The response should be an exact copy of the records, with the pictures removed.

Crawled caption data

::::

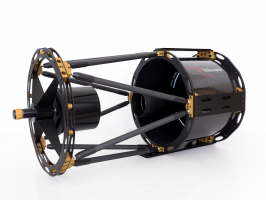 CFF Telescopes 400mm Ritchey - Chrétien Fused Silica/Quartz Version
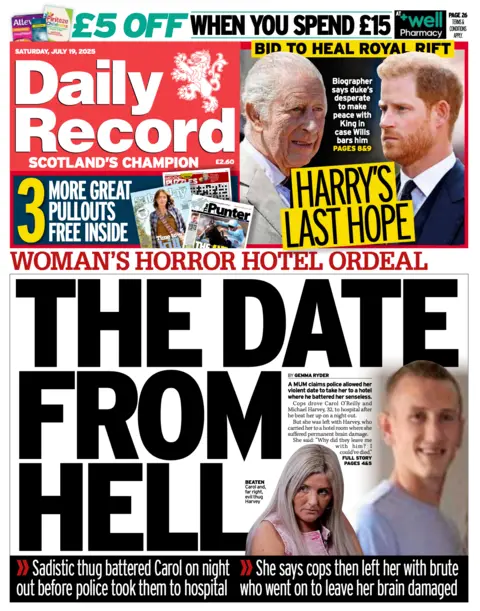 Daily Record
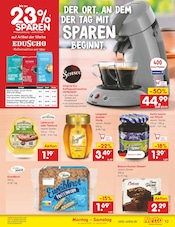 Kaffee im Netto Marken-Discount Prospekt in Mettmann Aktueller Netto Marken-Discount Prospekt mit Kaffee, "Aktuelle Angebote", Seite 12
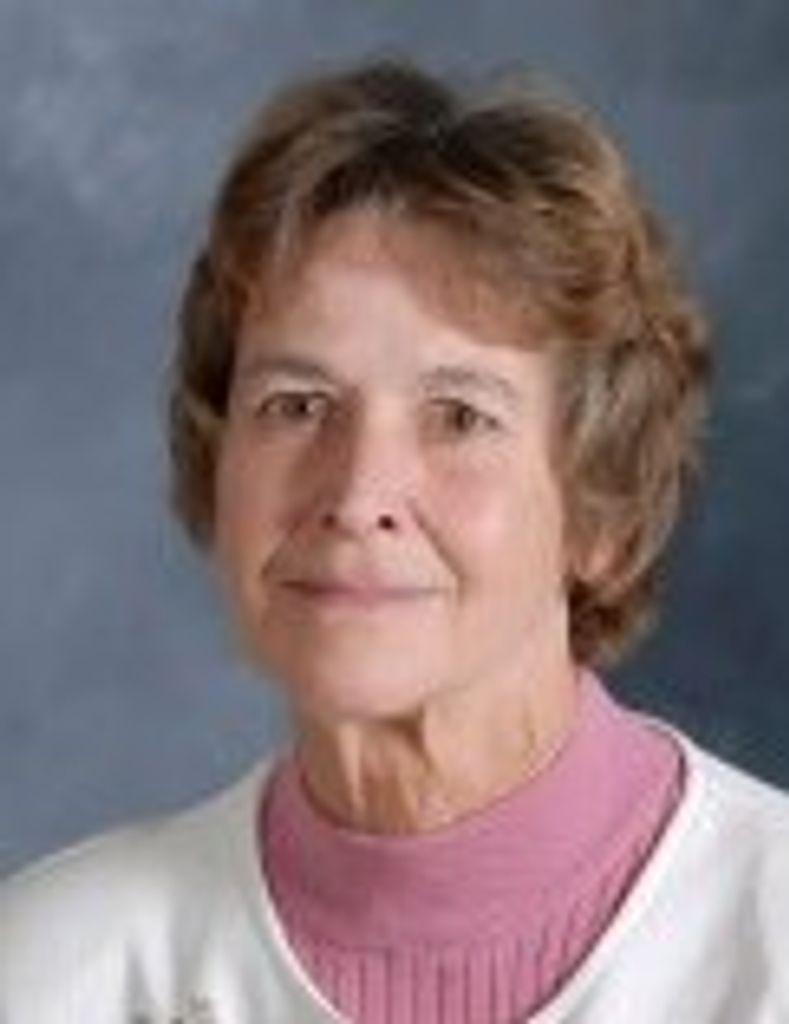 Janice "Jan " E. Pitkin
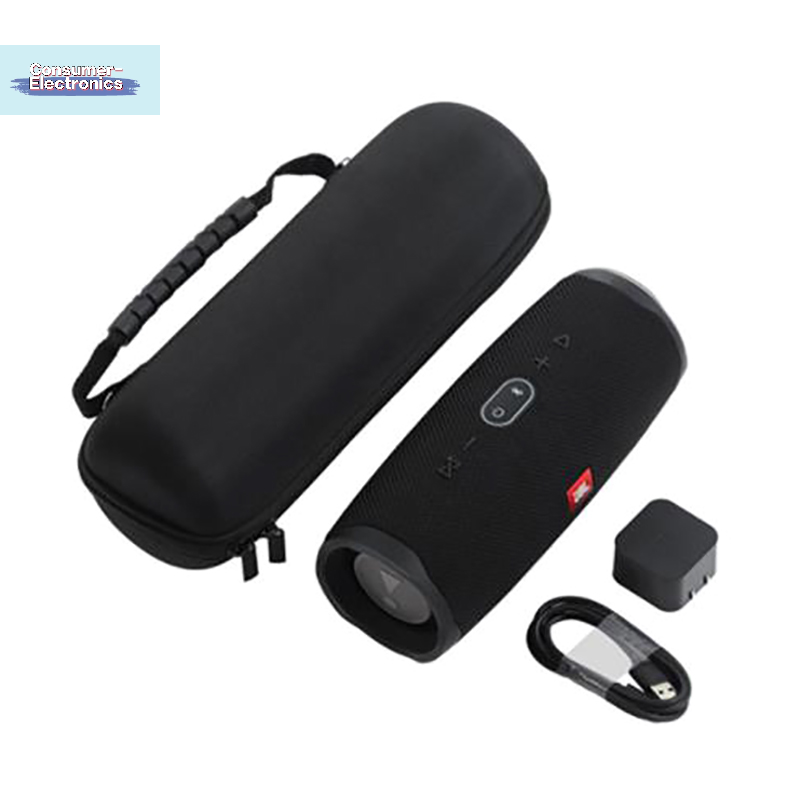【Hard Travel Case For Charge 5 - Jbl Speaker Charge 5 recension och pris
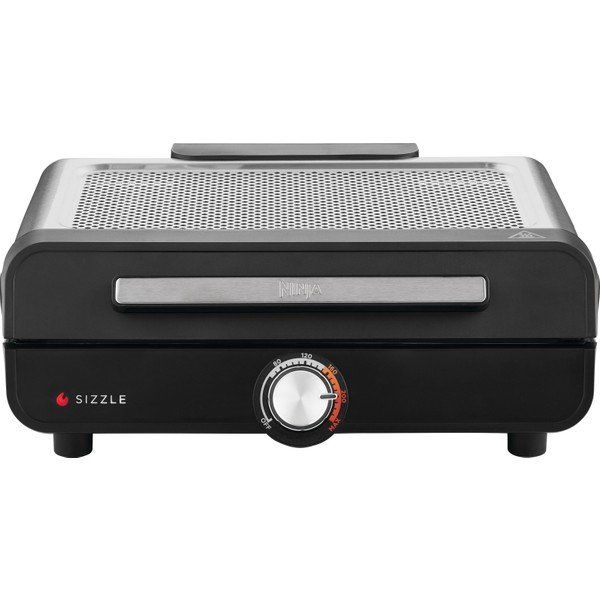 Ninja Sizzle XL Indoor Grill GR101EU Izgara Makinesi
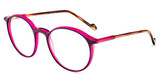 Etnia Barcelona Eyeglasses 5 LIGHT1 O PU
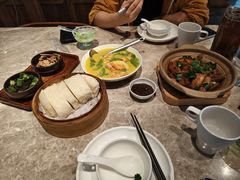 -烹贝小馆(华采天地店)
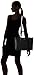 Sahara Tote Tote Bag, BLACK-SILVER/BLACK/BLACK-WHITE, One Size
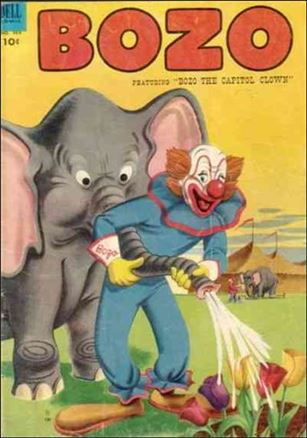 Four Color (1942) issue 464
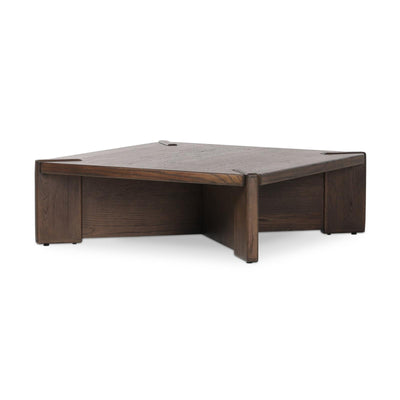Four Hands Ersa Coffee Table
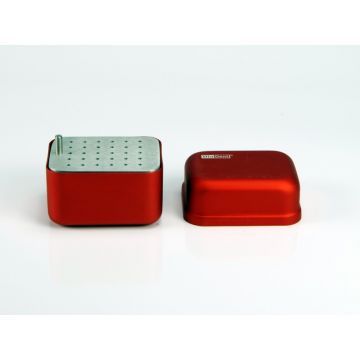 Эндо-бокс Endo Box Small Square (Type B)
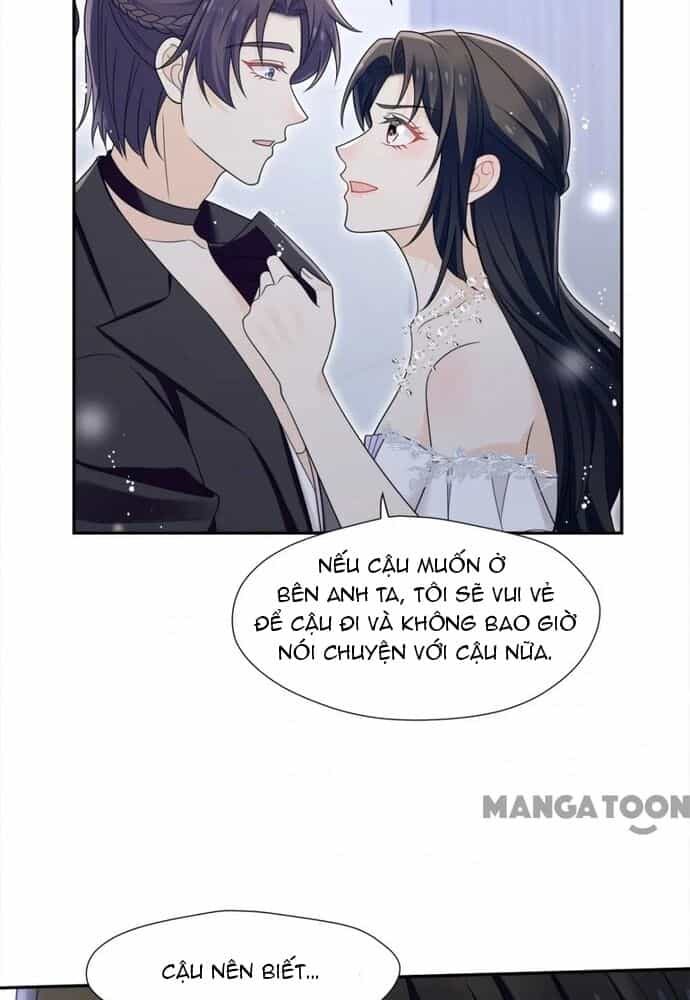 Trùng Sinh Thành Nữ Chính Độc Ác - Chương 60 - ảnh 12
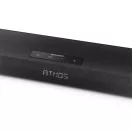 SHARP HT-SBW320 2.1 Dolby Atmos / DTS:X Vezeték nélküli hangprojektor mélynyomóval, Fekete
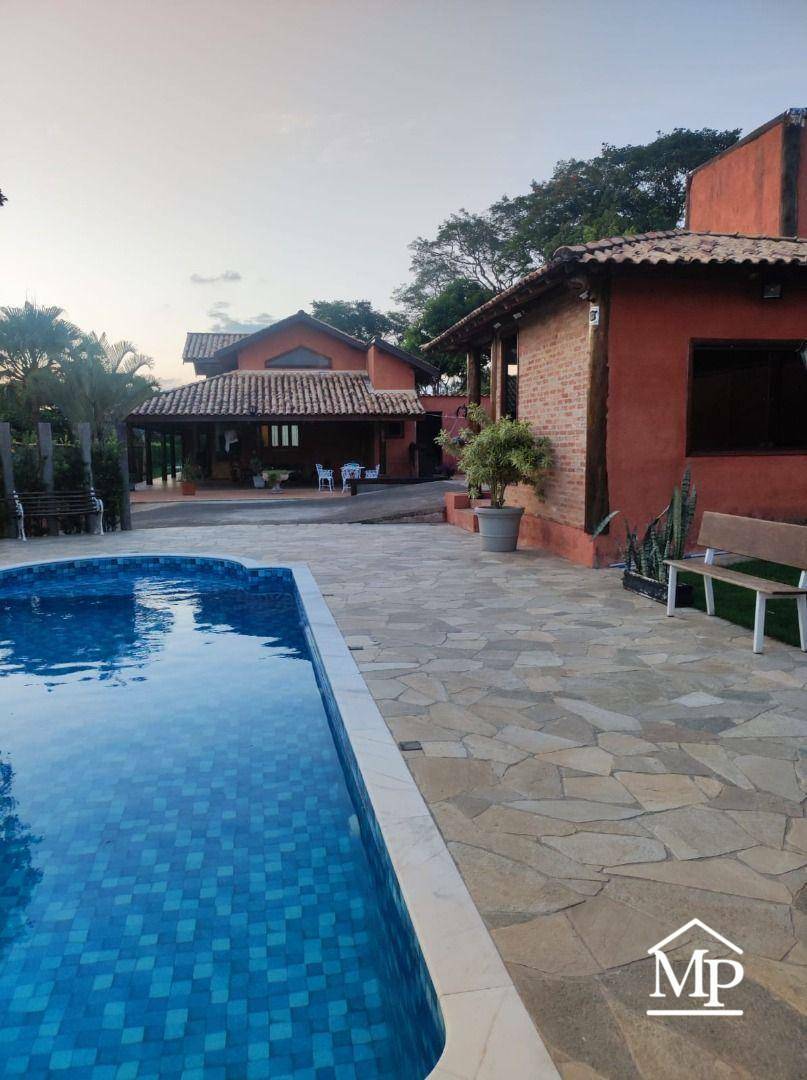 Chácara à venda com 3 quartos, 380m² - Foto 6
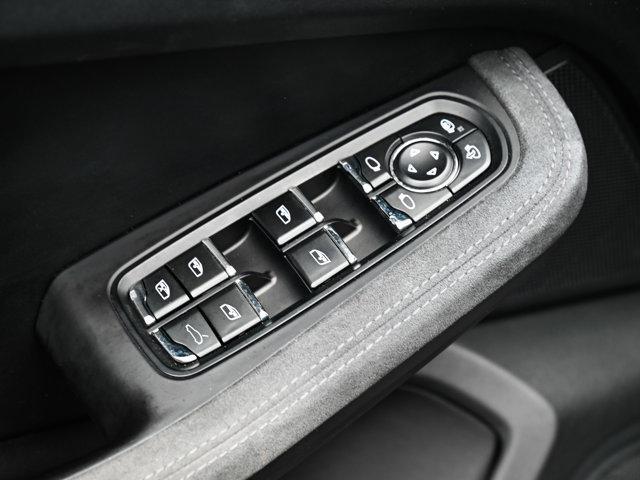 used 2017 Porsche Macan car, priced at $32,490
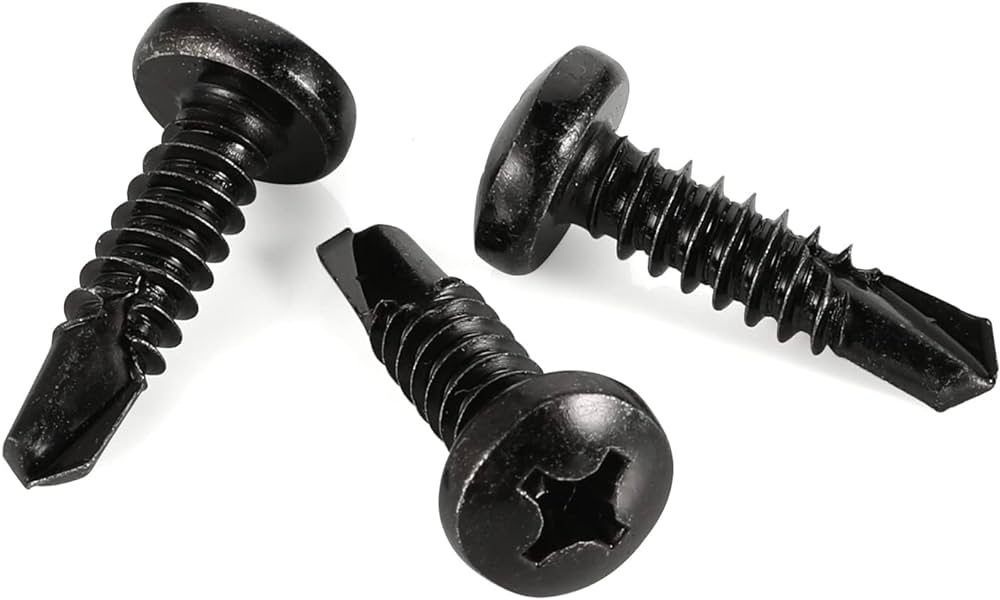 Self Drilling Screws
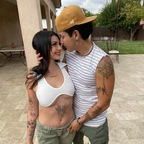 bryanandaliyah (Bryan &amp; Aliyah) Only Fans Leaked Content [FRESH] profile picture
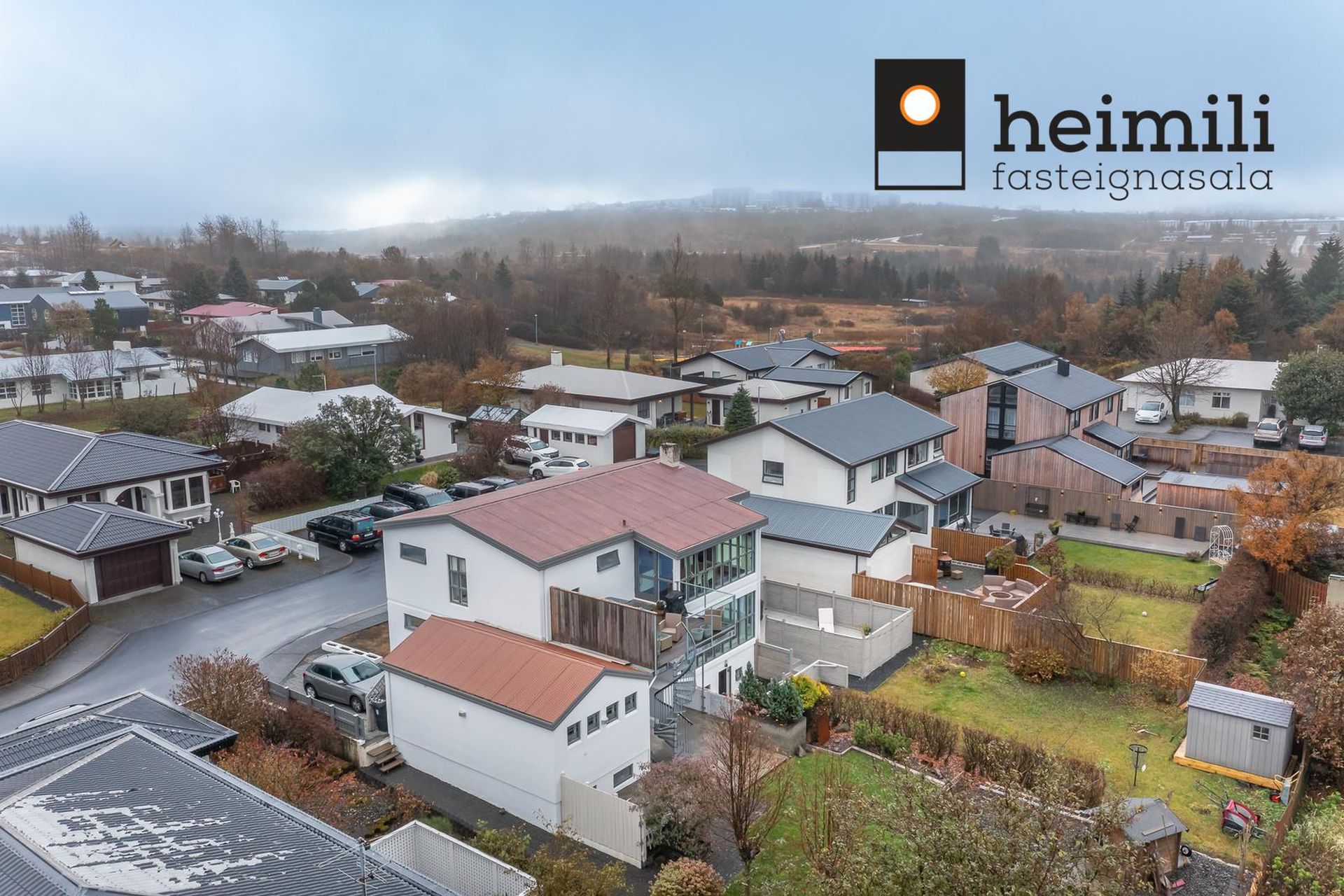 Silungakvísl 21, 110 Reykjavík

::::

# RESPONSE TO THIS TASK:
 CFF Telescopes 400mm Ritchey - Chrétien Fused Silica/Quartz Version
 Daily Record
 Kaffee im Netto Marken-Discount Prospekt in Mettmann Aktueller Netto Marken-Discount Prospekt mit Kaffee, "Aktuelle Angebote", Seite 12
 Janice "Jan " E. Pitkin
【Hard Travel Case For Charge 5 - Jbl Speaker Charge 5 recension och pris
 Ninja Sizzle XL Indoor Grill GR101EU Izgara Makinesi
 Etnia Barcelona Eyeglasses 5 LIGHT1 O PU
 -烹贝小馆(华采天地店)
 Sahara Tote Tote Bag, BLACK-SILVER/BLACK/BLACK-WHITE, One Size
 Four Color (1942) issue 464
Four Hands Ersa Coffee Table
 Эндо-бокс Endo Box Small Square (Type B)
 Trùng Sinh Thành Nữ Chính Độc Ác - Chương 60 - ảnh 12
 SHARP HT-SBW320 2.1 Dolby Atmos / DTS:X Vezeték nélküli hangprojektor mélynyomóval, Fekete
 Chácara à venda com 3 quartos, 380m² - Foto 6
 used 2017 Porsche Macan car, priced at $32,490
 Self Drilling Screws
 bryanandaliyah (Bryan &amp; Aliyah) Only Fans Leaked Content [FRESH] profile picture
 Silungakvísl 21, 110 Reykjavík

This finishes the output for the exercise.